# Extreme Nutrition Reload



## Davie Hannah (Nov 26, 2012)

Hi Everyone,

Have heard great thing's about this product and spoke to Andrew Chappell a few weeks ago about

taking it. He recommended i should try it and so started on it just over a week ago.

I'm a Professional Natural Bodybuilder and a former powerlifter and have just managed a second

place in the DFAC Pro Masters at the World Championships in Miami. My aim is to go one better

at the Worlds next year, and hoping that this is one product that will help me get the max from

my training.

will be updating my progress for anyone that is interested.

Competed at approx 163 lbs on 3rd nov.At the moment i am steadily increasing my calories and sitting at

170 lbs. Am experimenting with H I T workouts at the moment and hoping to see an increase in strength/ bodyweight

over the coming weeks. I tend to struggle with getting weight on, and last year peaked at just over 180 before i

started dieting. Did manage to get fairly strong though and had a best lift in the squat of 212.5kgs for a single, and got 20reps

with 160kgs.

i'm interested to see if using Reload will make any kind of a difference to my training, especially as on older athlete.

Will also post some pics soon.


----------



## justheretosnoop (Jun 15, 2012)

Subbed - good look fella oh and welcome to MC!!


----------



## EXTREME (Aug 5, 2005)

Welcome to Musclechat Davie, I hope Reload does the trick.

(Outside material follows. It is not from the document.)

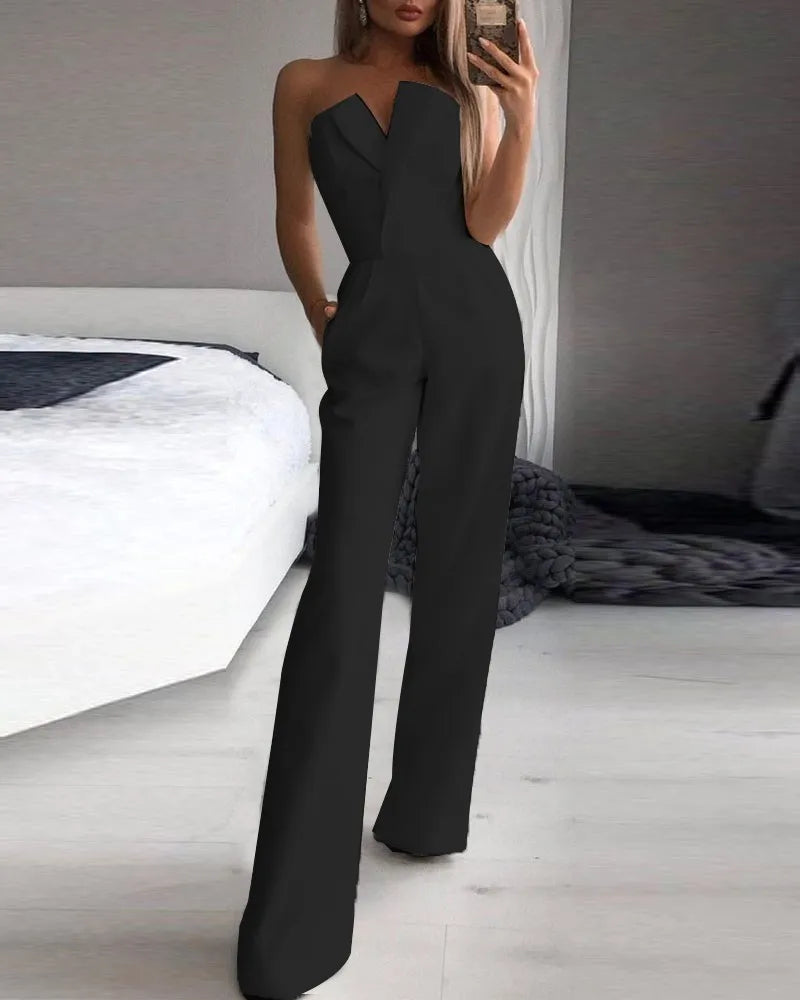 Romy | Jumpsuit Élégance Naturelle & Ajustée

I'll be keeping an eye on this thread.


----------



## The Trixsta (Sep 6, 2009)

Interesting, I have subscribed. Looking forward to the read.


----------



## AChappell (Jun 1, 2011)

Welcome to the forum 160kg squats for 20! :thumb I doubt anyone's even close to you on this board, I'm sure this is going to be a great thread.


----------



## Skygod47 (Oct 15, 2011)

As a 40 plus i will be following this thread intently, as i was told by my son i need some help being that i have used up all my growth and test getting to my grand old age !!!


----------



## AChappell (Jun 1, 2011)

Guy's like Davy Skygod are proof that hard work and diet pays off regardless of your age. I'd be willing to bet Dave would take your son to the cleaners in the gym at his ripe old age.


----------



## Davie Hannah (Nov 26, 2012)

Hi everybody, just thought i would give a quick update on how i'm progressing since starting extreme's 'reload' supplement.

Been using them for just over 2 weeks now and although this is obviously not long enough to show major changes i have noticed

some slight progress already. My eating is still reasonably clean after coming off my diet a few weeks ago, although my calories have

increased through slight increases in the amounts of complex carbs i am taking in. My weight has only increased by a pound so far

which means i am still over 10 pounds down on my off season high of last year of 180 pounds but as i said have only been off my diet

a matter of a few weeks so not a concern. I do feel an increase in strength already though and as my weight increase has been fairly minimal

this could be an indication of the product starting to work. l would obviously hope for lifting poundages increasing as my bodyweight

increases so have decided that a good indicator would be my strength increase in the squat as compared to last years lifts.

l had a squat session on Sunday, first serious one for a couple of months and did some rep work, up to 140kgs for 15reps and 160kgs for 10reps which were fairly comfortable. Did my best lifts last year when my bodyweight was at it's highest so will be interesting to see whether i can reach my best lifts before

i get my bodyweight back up to where it was, and then hopefully improve on them. will be monitoring my other lifts as well of course, and will update

again soon.


----------



## AChappell (Jun 1, 2011)

Sounds like your doing pretty well so far Davie despite still being down on last seasons weight, I made good gains in strength when I used the product too so it's interesting to see a similar result. Keep us posted about your progress, Any plans to compete again next year?


----------



## Davie Hannah (Nov 26, 2012)

Yeh i'm pretty happy with my training at the moment. Just starting week four on 'Reload' and have to say that i can definately feel a difference

with using the product. My bodyweight is now around 173lbs, my calories are slowly increasing so difficult to gauge if Reload is a factor. The main

differences are my strength, and also an increase in sex drive !! As i said previously i decided to use squats as my main guide as it is my main

power exercise. Have had two more sessions since my last update, went up to 160kgs for 15 reps on the first of those so decided yesterday to

increase my heaviest work set to 170 kgs and see how it felt. Last year i eventually managed to max out at 17 reps at a bodyweight of 181 lbs

couldn't get that 18th rep although i attempted it a couple of times over the following weeks. Yesterday i managed 11 reps. there was probably another

rep in the tank but felt i couldn't hold my form so finished there.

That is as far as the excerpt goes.